You know that I would be a liar
If I was to say to you
Girl, we couldn’t get much higher
Come on baby, light my fire
Come on baby, light my fire
Try to set the night on fire.”
– The Doors (1967)
The following was posted by the California Chaparral Institute (https://www.californiachaparral.org/) and I thought it was worth sharing their post:
“Next time you hear someone claim California, the Sierra Nevada (pick your spot) is supposed to burn every 5-10 years or so, or when someone uses the pine forests in the Southeast or Arizona/New Mexico as a model of what is supposed to happen in California fire wise, show them this map. The natural fire return interval in California is pretty low… from nothing to pretty darn infrequent when compared to the rest of the country.”
“Natural” fires are mostly a non-starter, in today’s world of human-caused wildfires. Most of America does not see the major differences, between the two kinds of fires. Similarly, today’s wildfires are burning through much different landscapes, too. The idea that “natural fires” are great for forests just isn’t statistically-important, in the real world of today.

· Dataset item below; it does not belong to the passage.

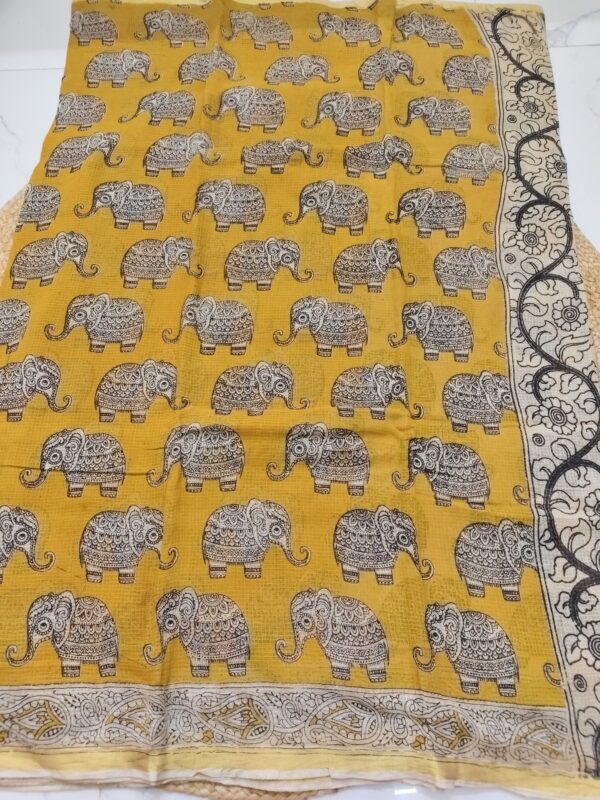 pure kalamkari kota cotton
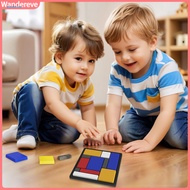 Wandereve| 1/2 Pcs Logic Puzzle Brain Teaser Game for Kids Adults – 88 Challenging Portable Educatio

Is there a correlation between frequency of lighting strikes and forest fires? It sure seems counter intuitive since no where in the west, where most forest fires seem to occur have high lightning strike density.
Interesting! But somehow I don’t think frequency directly links to fires on the ground. Many Midwest lightning strikes are during rain storms. Can anyone parse this out further?
Mathew, I think you could really benefit from a fire ecology 101 course. This does not show what you think it does.
Pretty sure I understand Fire Ecology 101 and then some. As always, thanks for the advice though.
I don’t think you do. Trying to make a direct correlation between lighting density per square mile and fire return interval shows a complete lack of understanding of fire ecology. Thanks.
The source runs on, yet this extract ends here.